* Work instruction
There should be no pictures in your answer, only an exact copy of the lines from the one with "Illustration: A clear" through the end of the material.

* Extracted entries
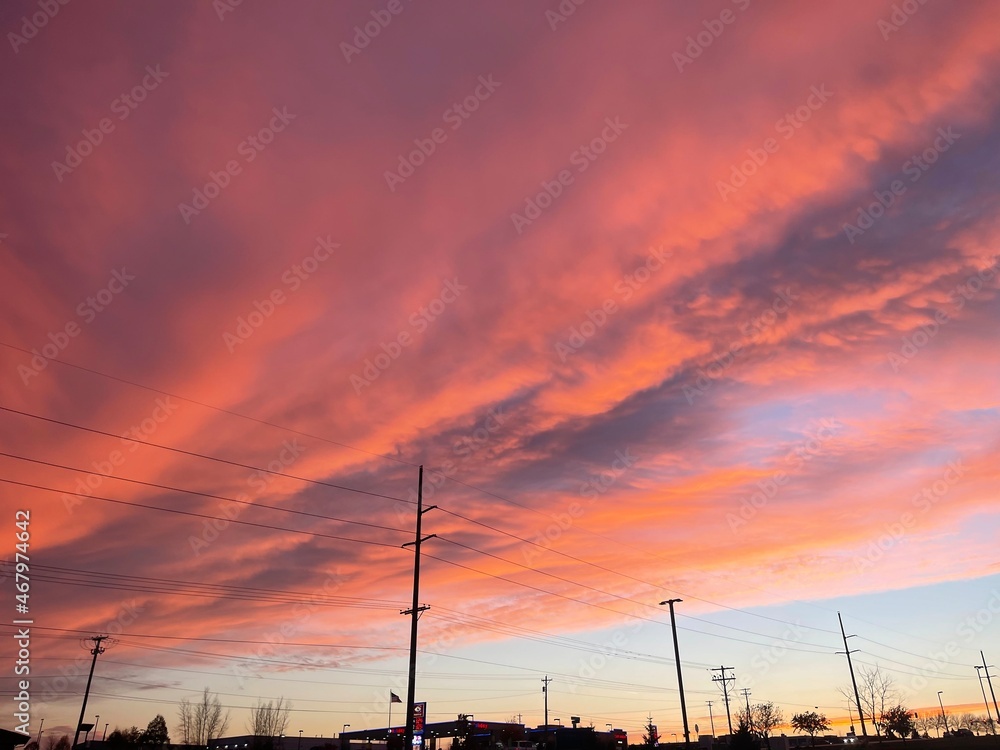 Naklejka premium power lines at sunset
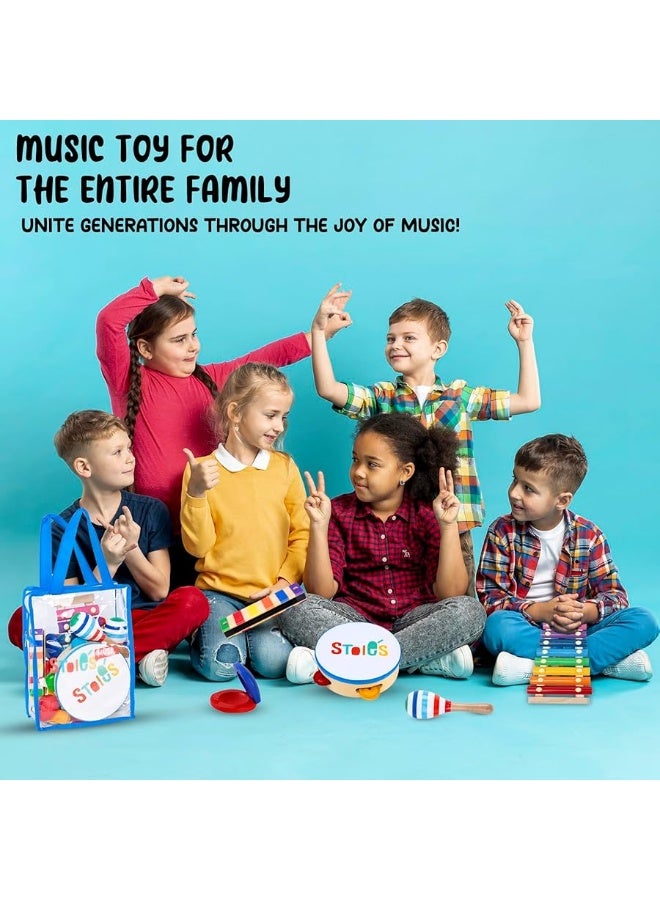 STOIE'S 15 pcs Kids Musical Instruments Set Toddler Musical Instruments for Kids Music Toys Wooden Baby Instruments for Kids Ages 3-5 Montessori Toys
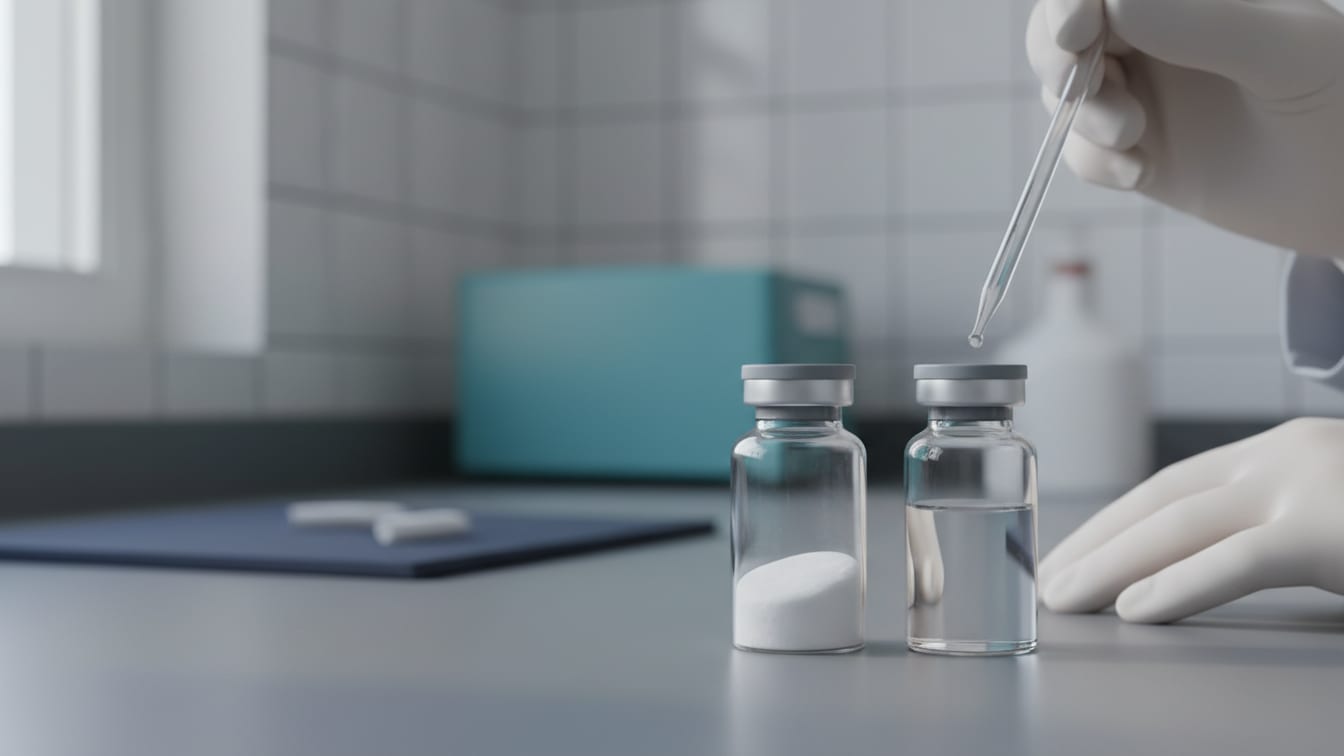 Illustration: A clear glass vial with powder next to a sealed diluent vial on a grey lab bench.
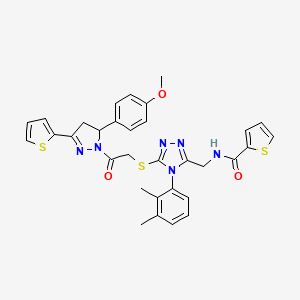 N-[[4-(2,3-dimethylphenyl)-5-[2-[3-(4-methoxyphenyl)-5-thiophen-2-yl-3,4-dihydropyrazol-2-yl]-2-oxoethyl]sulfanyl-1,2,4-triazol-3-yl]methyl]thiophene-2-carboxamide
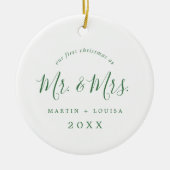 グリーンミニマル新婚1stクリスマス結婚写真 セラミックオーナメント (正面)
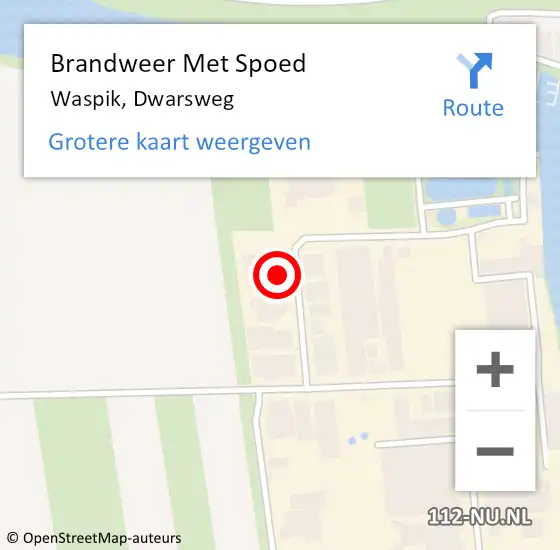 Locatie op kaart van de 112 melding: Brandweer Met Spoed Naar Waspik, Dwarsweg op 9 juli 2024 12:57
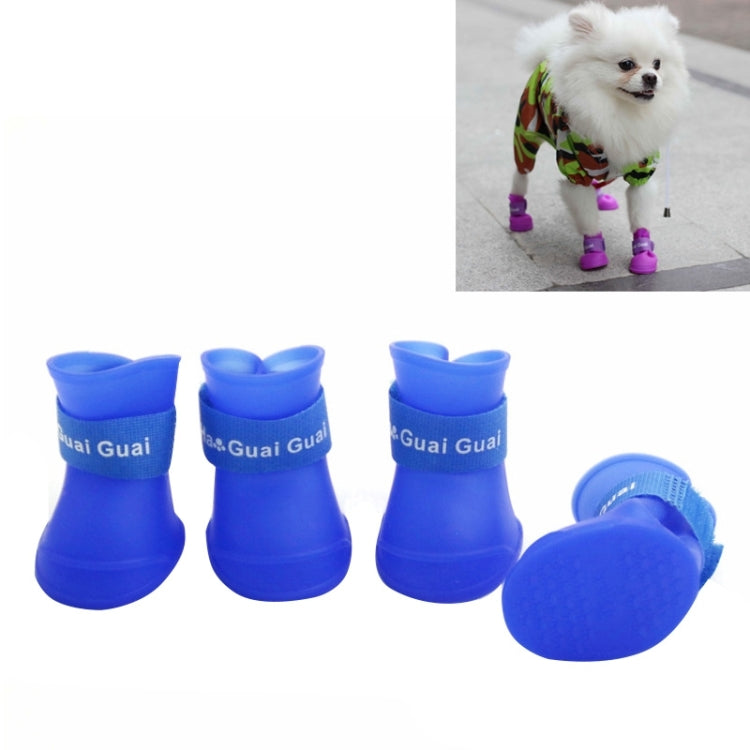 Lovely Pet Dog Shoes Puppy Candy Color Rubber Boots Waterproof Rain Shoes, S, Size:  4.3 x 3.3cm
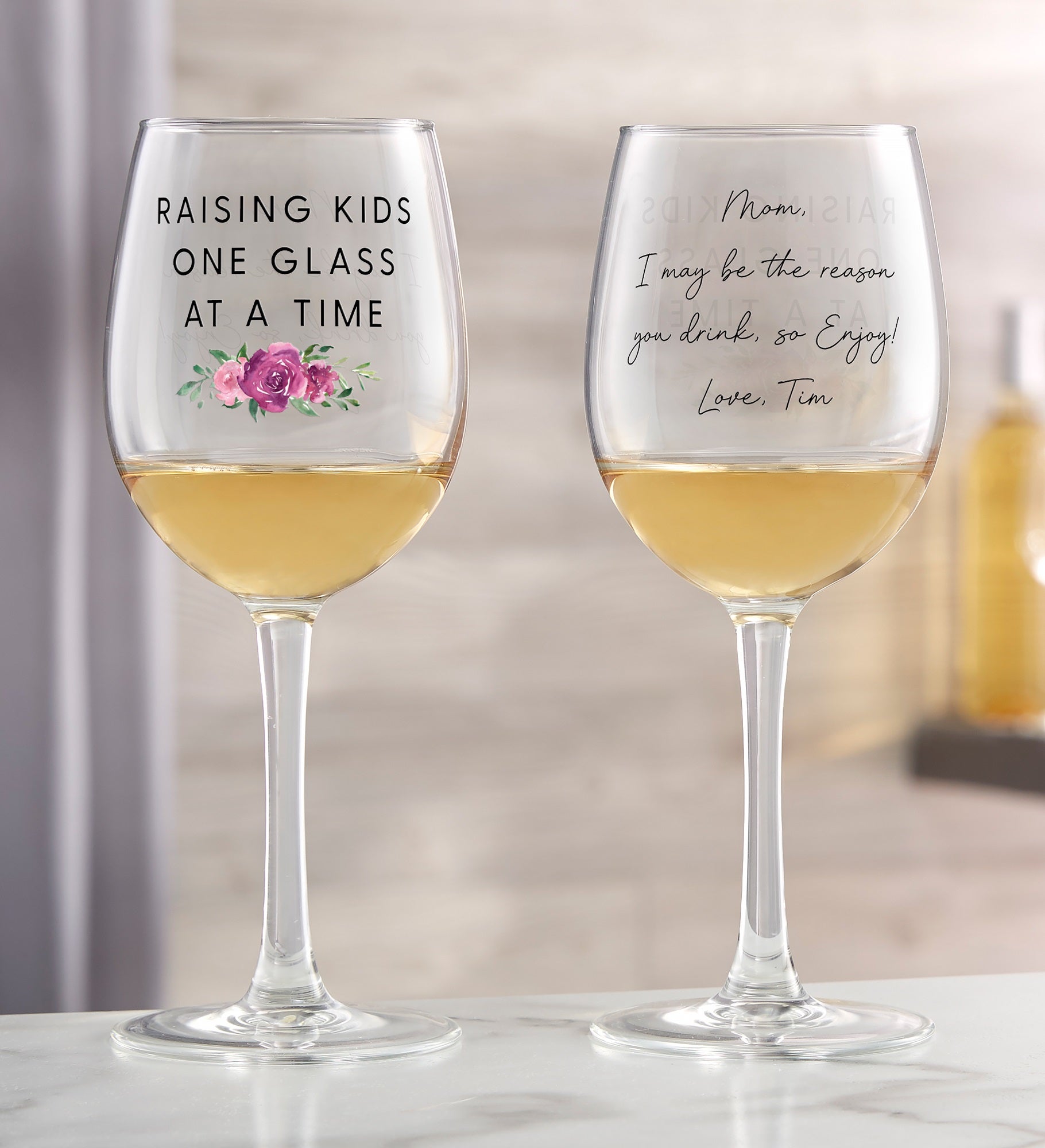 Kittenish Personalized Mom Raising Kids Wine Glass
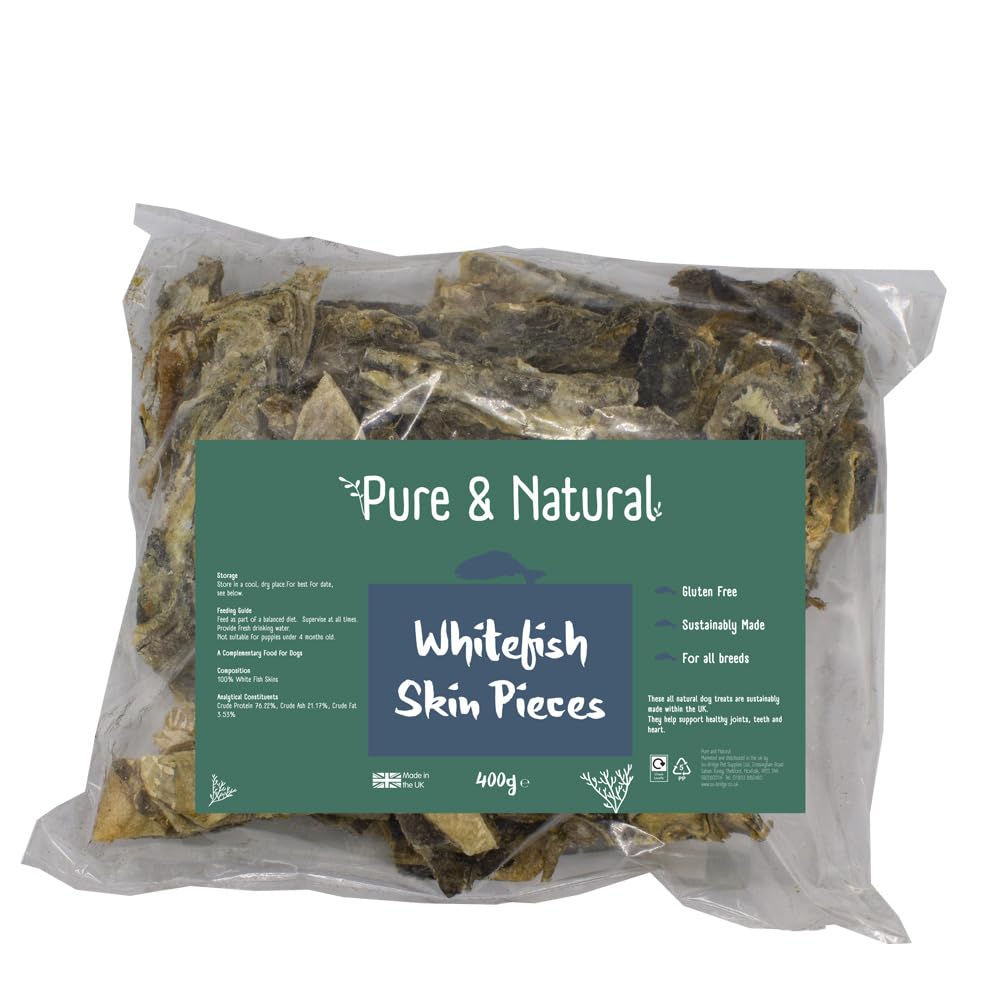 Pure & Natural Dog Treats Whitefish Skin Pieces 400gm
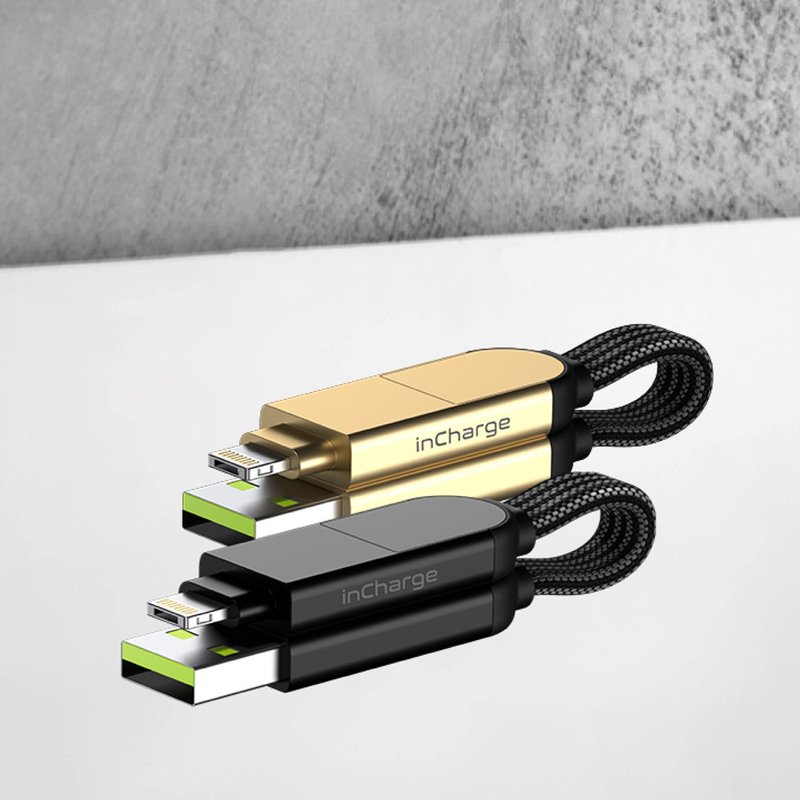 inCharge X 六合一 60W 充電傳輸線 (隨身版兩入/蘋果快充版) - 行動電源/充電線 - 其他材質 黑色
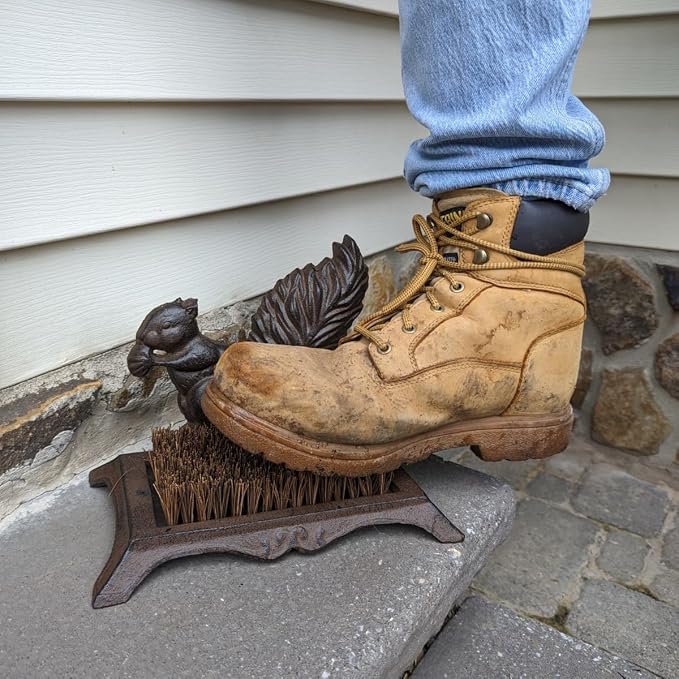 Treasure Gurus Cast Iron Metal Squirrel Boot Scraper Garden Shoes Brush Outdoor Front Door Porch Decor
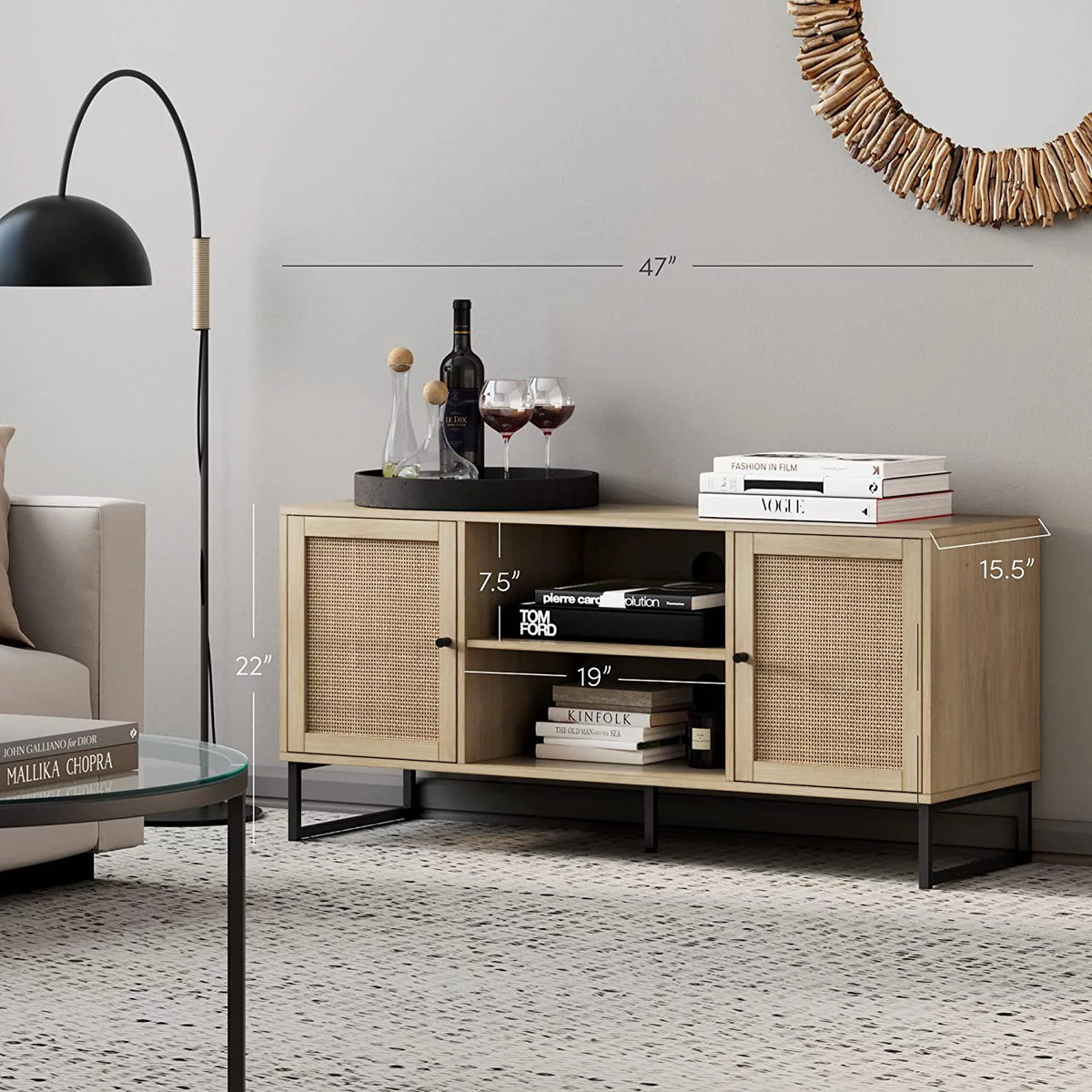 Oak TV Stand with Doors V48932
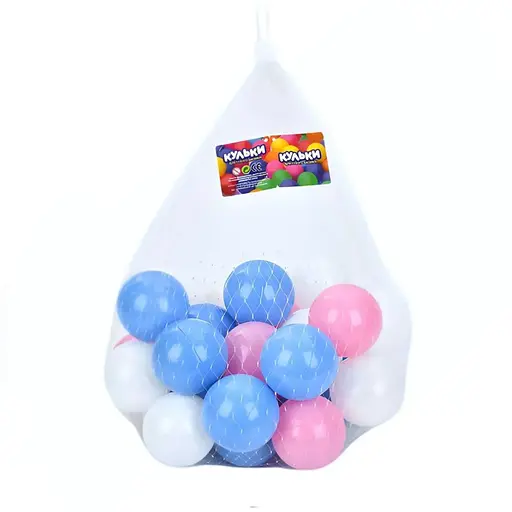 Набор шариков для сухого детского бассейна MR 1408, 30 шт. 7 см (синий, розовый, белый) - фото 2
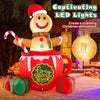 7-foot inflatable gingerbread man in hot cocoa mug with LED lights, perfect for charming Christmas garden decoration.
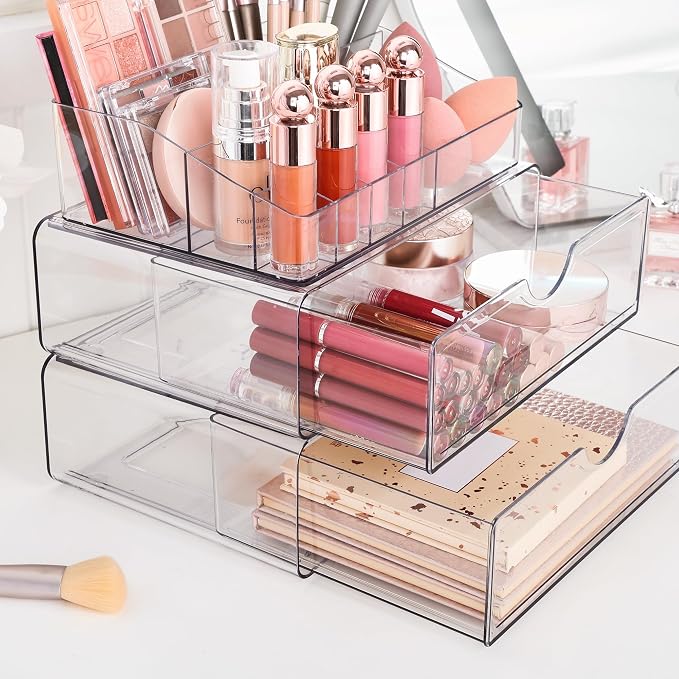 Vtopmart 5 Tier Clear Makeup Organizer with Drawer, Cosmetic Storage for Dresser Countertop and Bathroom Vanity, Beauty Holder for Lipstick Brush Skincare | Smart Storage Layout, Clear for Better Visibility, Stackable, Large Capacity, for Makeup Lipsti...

* Solution to the exercise
 Illustration: A clear glass vial with powder next to a sealed diluent vial on a grey lab bench.
 N-[[4-(2,3-dimethylphenyl)-5-[2-[3-(4-methoxyphenyl)-5-thiophen-2-yl-3,4-dihydropyrazol-2-yl]-2-oxoethyl]sulfanyl-1,2,4-triazol-3-yl]methyl]thiophene-2-carboxamide
 グリーンミニマル新婚1stクリスマス結婚写真 セラミックオーナメント (正面)
 Locatie op kaart van de 112 melding: Brandweer Met Spoed Naar Waspik, Dwarsweg op 9 juli 2024 12:57
 Lovely Pet Dog Shoes Puppy Candy Color Rubber Boots Waterproof Rain Shoes, S, Size:  4.3 x 3.3cm
 Kittenish Personalized Mom Raising Kids Wine Glass
 Pure & Natural Dog Treats Whitefish Skin Pieces 400gm
 inCharge X 六合一 60W 充電傳輸線 (隨身版兩入/蘋果快充版) - 行動電源/充電線 - 其他材質 黑色
 Treasure Gurus Cast Iron Metal Squirrel Boot Scraper Garden Shoes Brush Outdoor Front Door Porch Decor
 Oak TV Stand with Doors V48932
 Набор шариков для сухого детского бассейна MR 1408, 30 шт. 7 см (синий, розовый, белый) - фото 2
 7-foot inflatable gingerbread man in hot cocoa mug with LED lights, perfect for charming Christmas garden decoration.
 Vtopmart 5 Tier Clear Makeup Organizer with Drawer, Cosmetic Storage for Dresser Countertop and Bathroom Vanity, Beauty Holder for Lipstick Brush Skincare | Smart Storage Layout, Clear for Better Visibility, Stackable, Large Capacity, for Makeup Lipsti...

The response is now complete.